Task instructions =
Whenever a line in the records below contains "Automatic", pick it out.
····················
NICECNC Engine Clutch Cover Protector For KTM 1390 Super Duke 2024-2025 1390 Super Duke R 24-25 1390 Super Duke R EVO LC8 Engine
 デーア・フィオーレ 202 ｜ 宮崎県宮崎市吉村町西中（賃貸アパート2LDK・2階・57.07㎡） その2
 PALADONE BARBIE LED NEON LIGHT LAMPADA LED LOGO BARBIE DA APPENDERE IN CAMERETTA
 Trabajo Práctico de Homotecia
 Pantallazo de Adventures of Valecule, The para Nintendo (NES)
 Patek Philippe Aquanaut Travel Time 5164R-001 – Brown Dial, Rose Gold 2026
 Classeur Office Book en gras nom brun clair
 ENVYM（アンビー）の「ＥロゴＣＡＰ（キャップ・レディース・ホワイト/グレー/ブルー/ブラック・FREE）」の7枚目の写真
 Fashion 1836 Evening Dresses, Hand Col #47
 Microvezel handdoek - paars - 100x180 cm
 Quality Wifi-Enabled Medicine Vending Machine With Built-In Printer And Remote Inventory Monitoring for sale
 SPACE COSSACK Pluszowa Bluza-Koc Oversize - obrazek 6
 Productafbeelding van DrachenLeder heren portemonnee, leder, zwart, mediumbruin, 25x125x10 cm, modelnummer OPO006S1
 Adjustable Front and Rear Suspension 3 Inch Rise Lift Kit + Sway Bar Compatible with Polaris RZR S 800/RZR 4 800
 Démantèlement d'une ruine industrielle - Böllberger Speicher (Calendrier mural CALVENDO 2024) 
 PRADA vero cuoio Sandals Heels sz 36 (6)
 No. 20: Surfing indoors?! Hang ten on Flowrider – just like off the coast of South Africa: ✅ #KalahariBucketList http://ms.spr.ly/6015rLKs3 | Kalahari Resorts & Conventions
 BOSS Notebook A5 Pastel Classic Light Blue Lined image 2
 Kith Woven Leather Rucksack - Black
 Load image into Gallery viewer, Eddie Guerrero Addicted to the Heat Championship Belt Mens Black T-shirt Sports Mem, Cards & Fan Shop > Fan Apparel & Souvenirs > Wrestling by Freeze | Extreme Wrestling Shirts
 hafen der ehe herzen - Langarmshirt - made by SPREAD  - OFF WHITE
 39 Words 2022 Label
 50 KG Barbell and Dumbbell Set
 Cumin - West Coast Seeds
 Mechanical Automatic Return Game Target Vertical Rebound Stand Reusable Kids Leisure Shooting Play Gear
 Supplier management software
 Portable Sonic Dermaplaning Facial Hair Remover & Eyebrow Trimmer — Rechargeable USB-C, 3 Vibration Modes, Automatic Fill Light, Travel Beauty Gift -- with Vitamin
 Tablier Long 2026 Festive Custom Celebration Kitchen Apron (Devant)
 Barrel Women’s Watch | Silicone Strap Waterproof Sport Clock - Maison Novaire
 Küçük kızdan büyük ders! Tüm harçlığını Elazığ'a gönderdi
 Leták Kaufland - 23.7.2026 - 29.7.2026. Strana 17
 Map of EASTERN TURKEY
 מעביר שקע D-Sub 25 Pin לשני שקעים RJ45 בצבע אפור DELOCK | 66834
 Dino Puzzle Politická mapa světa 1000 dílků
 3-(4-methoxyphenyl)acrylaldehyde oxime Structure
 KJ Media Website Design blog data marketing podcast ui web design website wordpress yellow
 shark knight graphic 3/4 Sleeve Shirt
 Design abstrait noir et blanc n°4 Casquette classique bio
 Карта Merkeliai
····················
Task output =
 Mechanical Automatic Return Game Target Vertical Rebound Stand Reusable Kids Leisure Shooting Play Gear
 Portable Sonic Dermaplaning Facial Hair Remover & Eyebrow Trimmer — Rechargeable USB-C, 3 Vibration Modes, Automatic Fill Light, Travel Beauty Gift -- with Vitamin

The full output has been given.